_Material for the task_.
=== Section Start ===
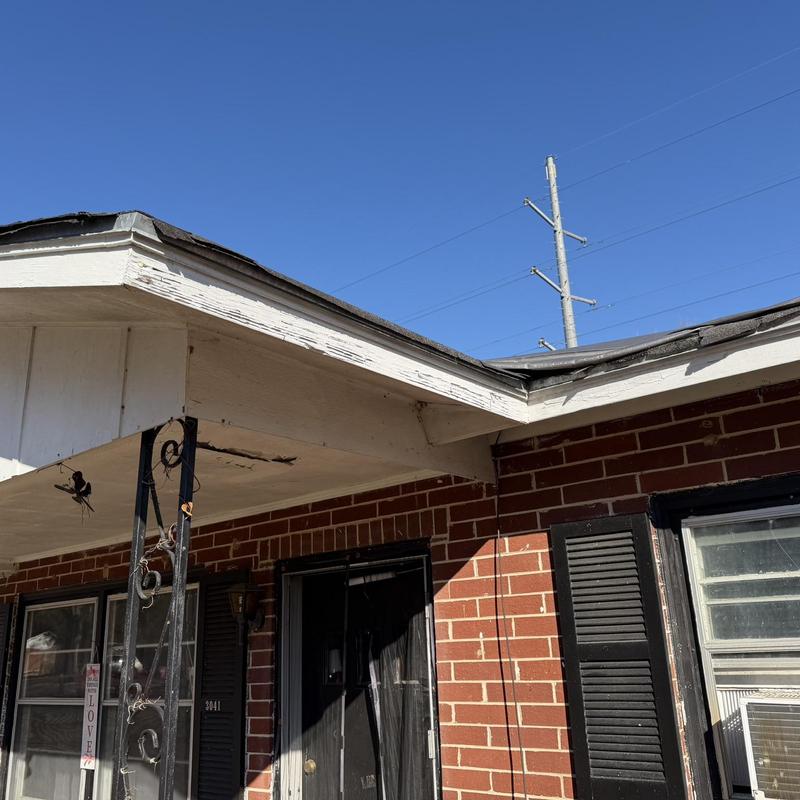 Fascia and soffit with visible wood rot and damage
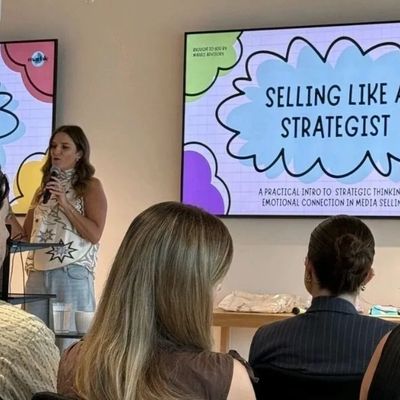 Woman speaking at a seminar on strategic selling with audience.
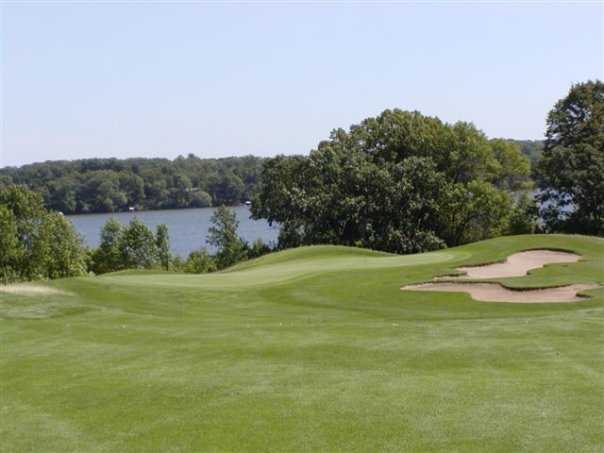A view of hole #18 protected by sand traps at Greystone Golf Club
=== Section End ===
=== Section Start ===
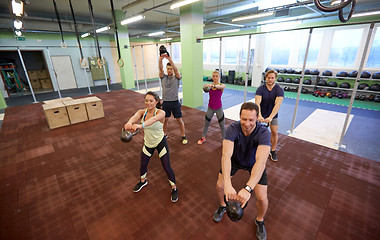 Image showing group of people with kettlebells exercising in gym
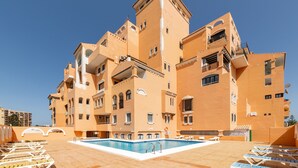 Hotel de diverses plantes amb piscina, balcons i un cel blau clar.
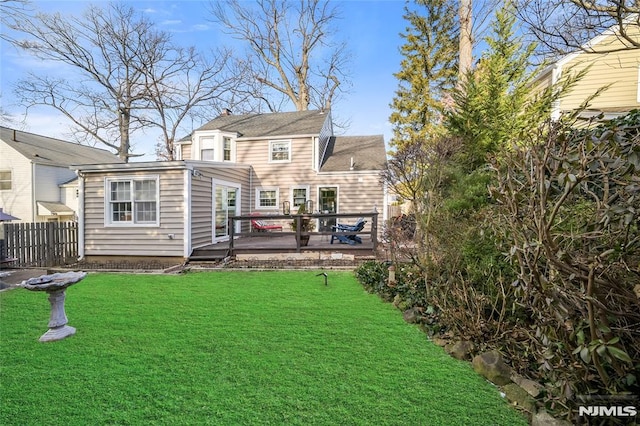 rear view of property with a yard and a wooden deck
=== Section End ===
=== Section Start ===
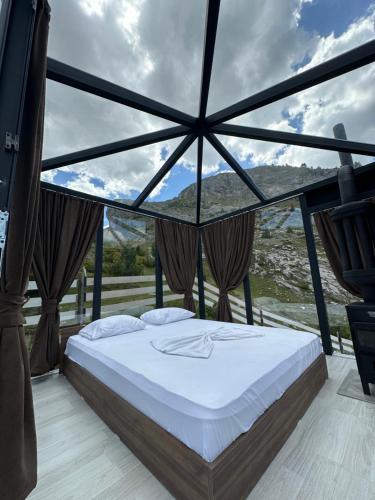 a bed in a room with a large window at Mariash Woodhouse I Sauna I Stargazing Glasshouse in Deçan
=== Section End ===
_Problem description_. Without the pictures, give again exactly the lines above starting at the line containing "Hotel de diverses" and ending at the line containing "rear view of".

_Task answer_.
 Hotel de diverses plantes amb piscina, balcons i un cel blau clar.
 rear view of property with a yard and a wooden deck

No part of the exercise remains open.